TASK DATA: Begin
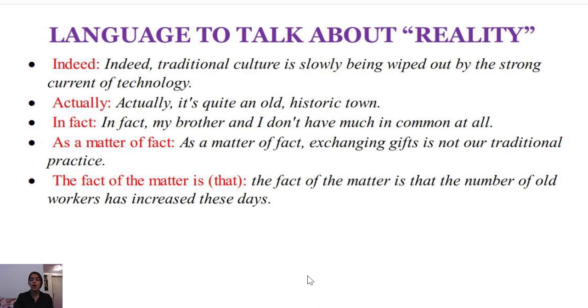Remember that whenever you use 'the number of,' the verb has to be singular — that's why we say 'the number of... has decreased,' not 'have.' This is one of the very common mistakes identified in speaking and writing. Take care of yourself and don't forget to subscribe to the channel.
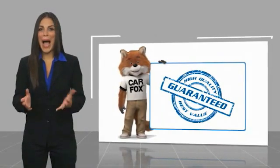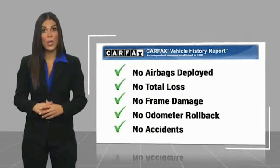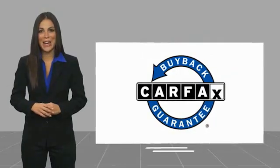Here's another high-quality vehicle with a Carfax vehicle history report. Be sure to find a complimentary copy of this report online or contact the dealership. This vehicle qualifies for the Carfax Buyback Guarantee.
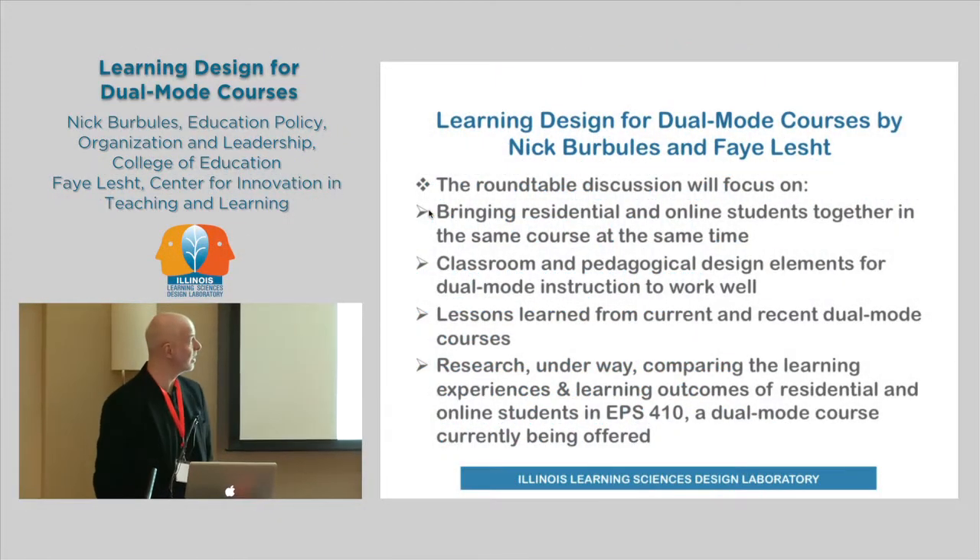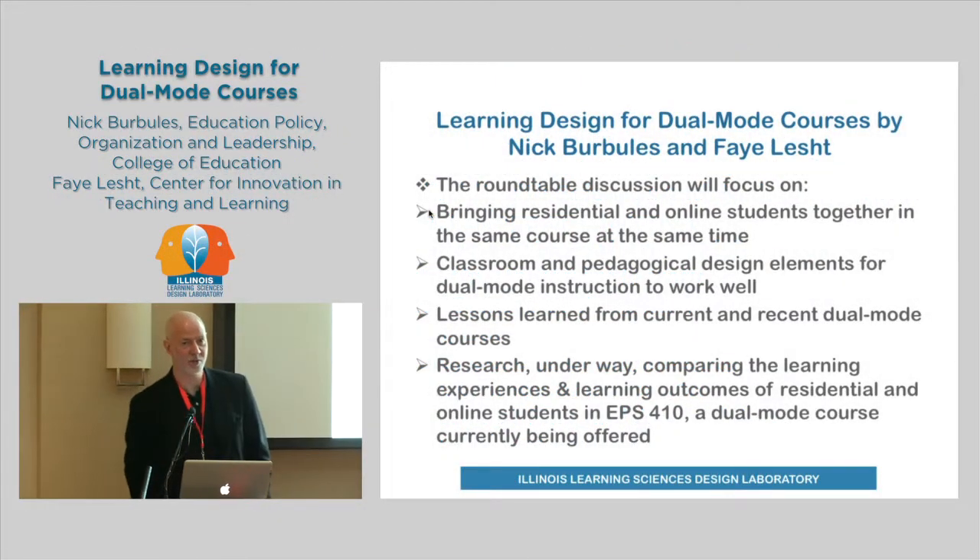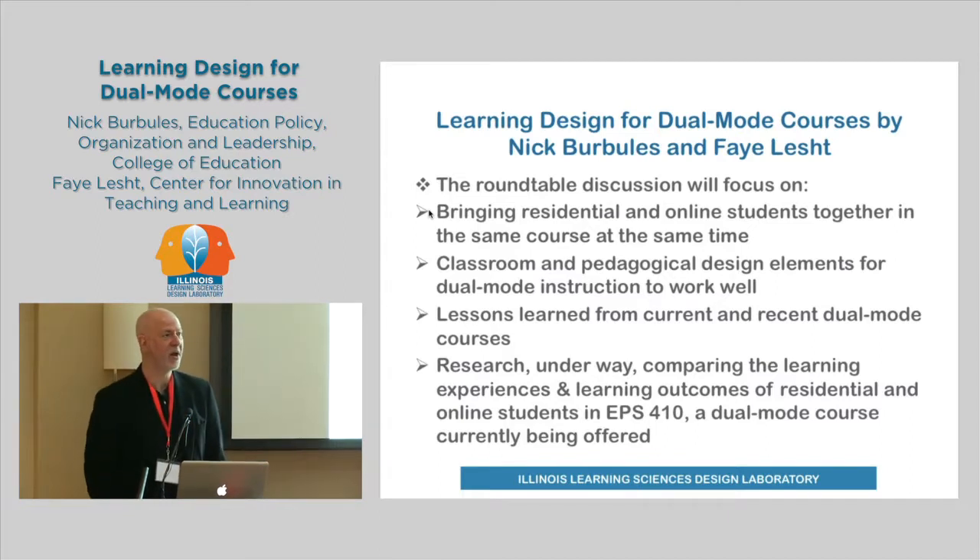Hello, I'm Nick Ribulis. I'm in the College of Education. I've been teaching online courses now for almost 20 years, and I keep trying to add new features and new elements to my courses.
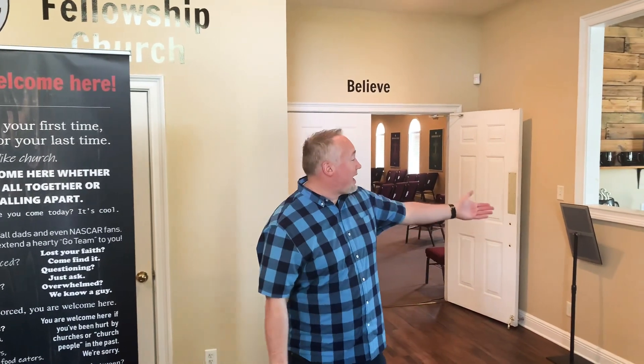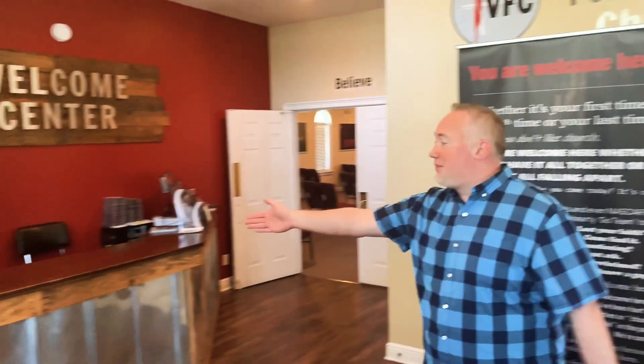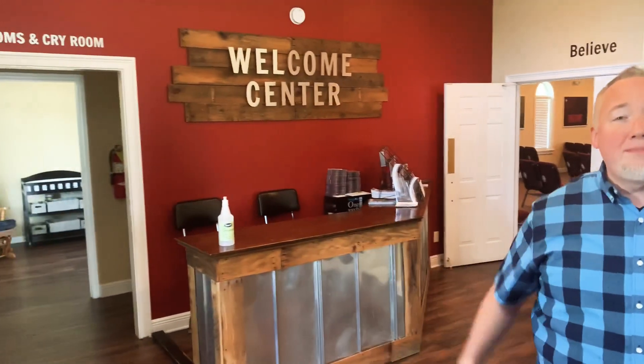Here in the foyer you'll see it looks just like it normally does. We do have a hand sanitizing station right here, and we also have some hand sanitizer over here on this side. The bathrooms will be open, but we're asking that you use extreme caution and don't go in there unless you have to.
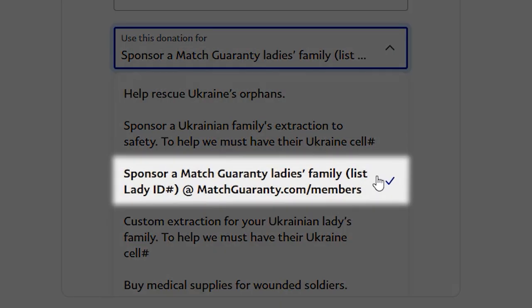Option three: you can actually sponsor one of our Mass Guarantee Ladies' families. Go to matchguarantee.com/members, choose a lady ID number, send it to us, and we will reach out to her to sponsor her entire family's extraction, and then a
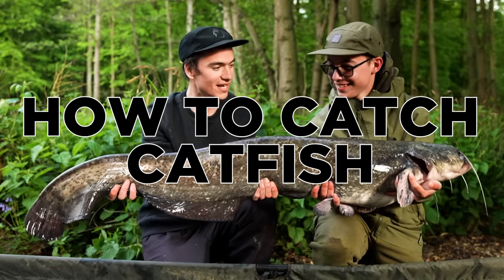The catfish is probably the hardest fighting species in the UK, and in some waters across Europe can grow over 200 pounds. This video is going to be all about how to catch Wels catfish.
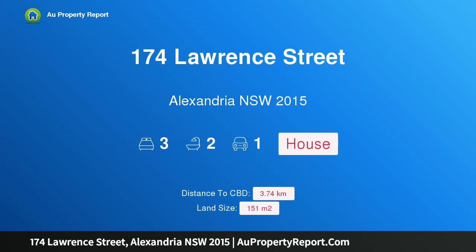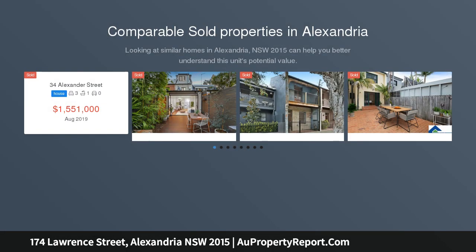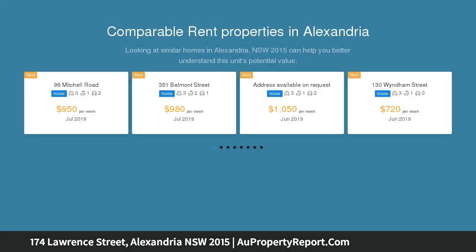Hi, I am glad to introduce property 174 Lawrence Street, Alexandria, New South Wales 2015. Chic, spacious and versatile designer retreat, flawlessly appointed interiors, streaming sunlight and a flexible family-friendly floor plan to find this contemporary terrace-inspired residence.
TASK DATA: End
__EXERCISE GOAL__: Write the lines from the line containing "Here in the" through the last line of the data out again exactly, and only those lines; pictures stay out.

__SOLUTION FOR THIS EXERCISE__:
Here in the foyer you'll see it looks just like it normally does. We do have a hand sanitizing station right here, and we also have some hand sanitizer over here on this side. The bathrooms will be open, but we're asking that you use extreme caution and don't go in there unless you have to.
Option three: you can actually sponsor one of our Mass Guarantee Ladies' families. Go to matchguarantee.com/members, choose a lady ID number, send it to us, and we will reach out to her to sponsor her entire family's extraction, and then a
The catfish is probably the hardest fighting species in the UK, and in some waters across Europe can grow over 200 pounds. This video is going to be all about how to catch Wels catfish.
Hi, I am glad to introduce property 174 Lawrence Street, Alexandria, New South Wales 2015. Chic, spacious and versatile designer retreat, flawlessly appointed interiors, streaming sunlight and a flexible family-friendly floor plan to find this contemporary terrace-inspired residence.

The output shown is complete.